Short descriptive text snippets
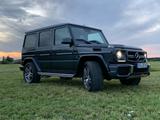 Mercedes-Benz G 63 AMG, Brabus Klappe, Designo, Scheckheft - gebrauchte Mercedes-Benz G 63 AMG aus dem Jahr 2014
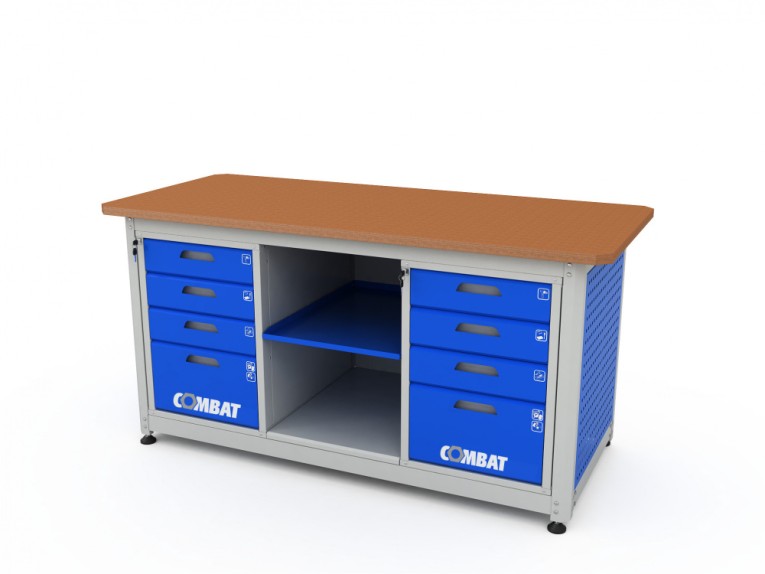 Верстак двухтумбовый COMBAT 2404.1830 купить в Ярославле Верстак двухтумбовый COMBAT 2404.1830 купить в Ярославле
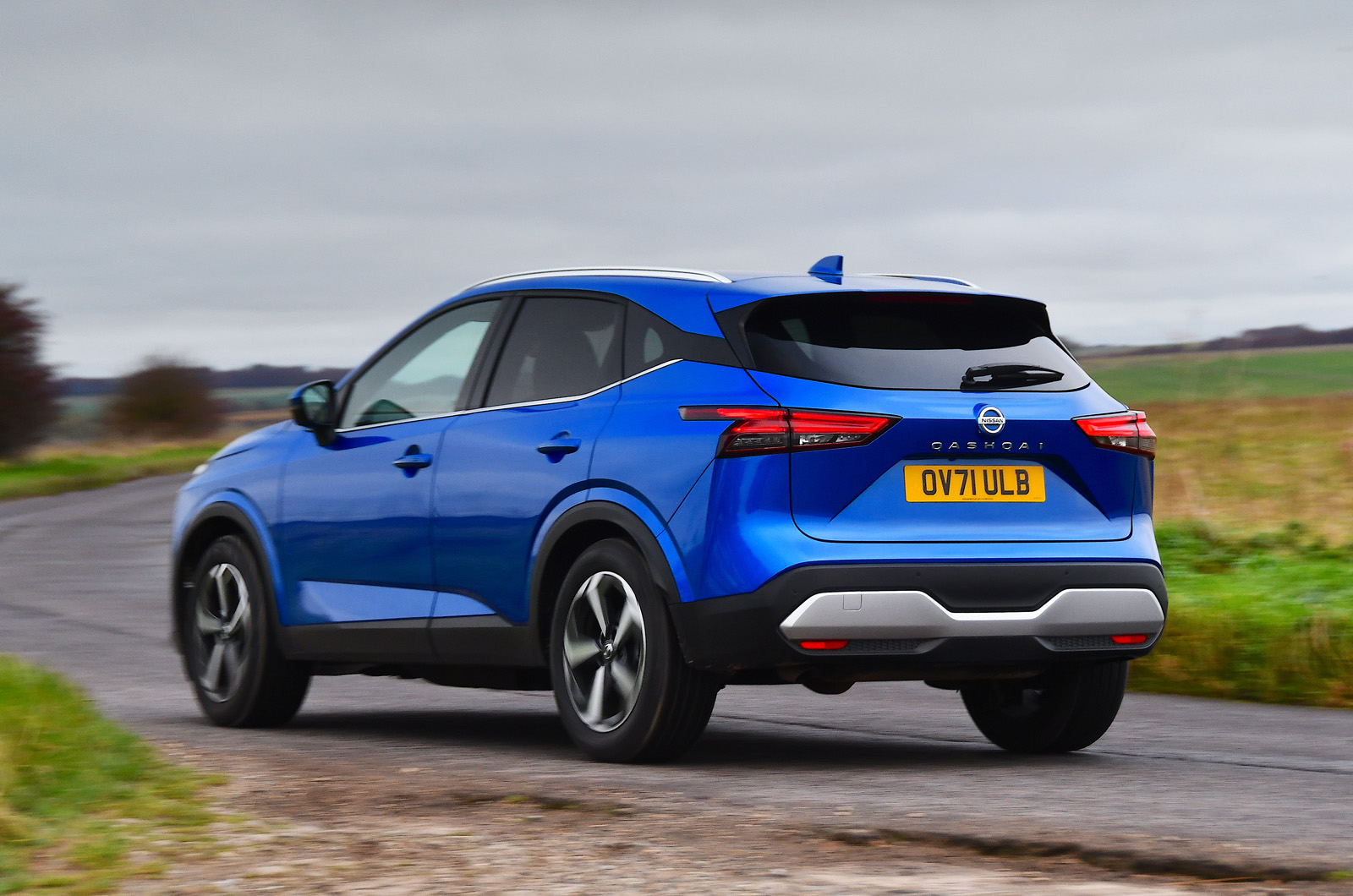 Nissan Qashqai 2022 rear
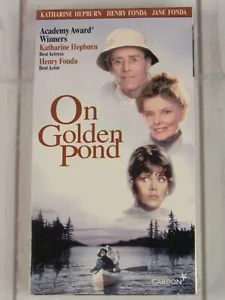 On Golden Pond (VHS) JANE FONDA HENRY FONDA - Imagen 1 de 2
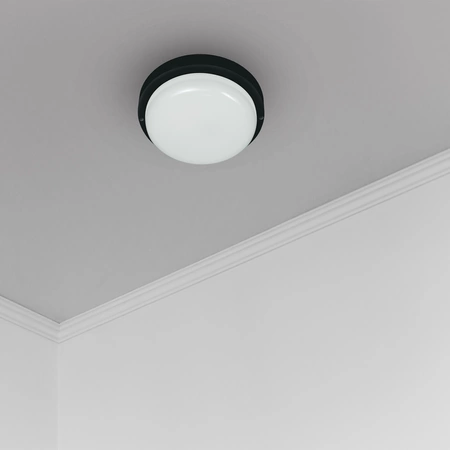 Oprawa Kanałowa Davo Okrąg 8W 4000K IP64 Czarny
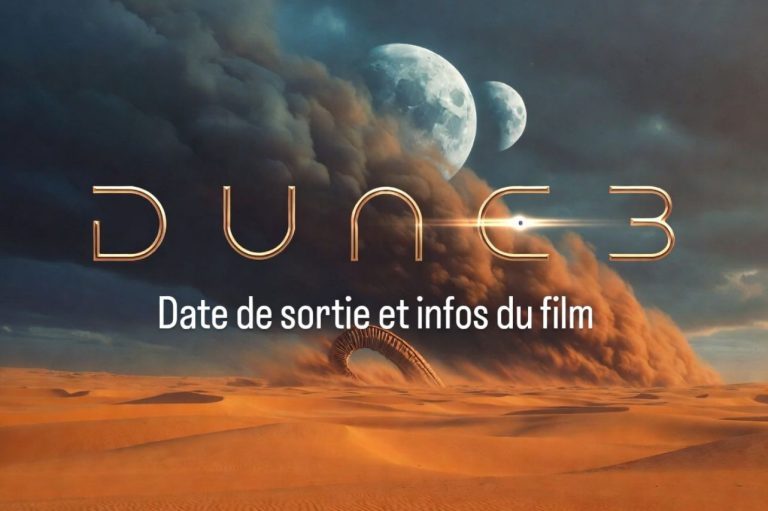 Dune 3 : date de sortie et infos du film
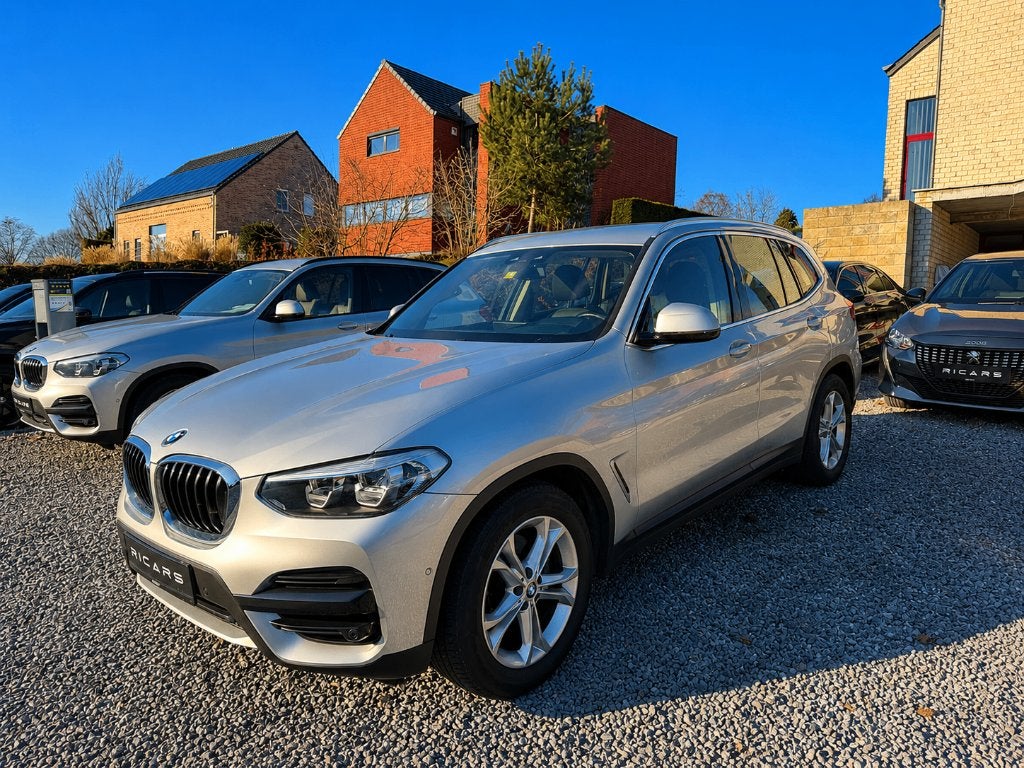 BMW X3 2.0d sDrive18d Cuir Camera Carplay Carnet GARANTIE 1, Auto's, BMW, Testrit aan huis, Achterwielaandrijving, 1995 cc, 4 cilinders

What is expected: If an entry holds an image, omit that image and print the remainder exactly as it stands.

Exercise answer:
 Mercedes-Benz G 63 AMG, Brabus Klappe, Designo, Scheckheft - gebrauchte Mercedes-Benz G 63 AMG aus dem Jahr 2014
 Верстак двухтумбовый COMBAT 2404.1830 купить в Ярославле Верстак двухтумбовый COMBAT 2404.1830 купить в Ярославле
 Nissan Qashqai 2022 rear
 On Golden Pond (VHS) JANE FONDA HENRY FONDA - Imagen 1 de 2
 Oprawa Kanałowa Davo Okrąg 8W 4000K IP64 Czarny
 Dune 3 : date de sortie et infos du film
 BMW X3 2.0d sDrive18d Cuir Camera Carplay Carnet GARANTIE 1, Auto's, BMW, Testrit aan huis, Achterwielaandrijving, 1995 cc, 4 cilinders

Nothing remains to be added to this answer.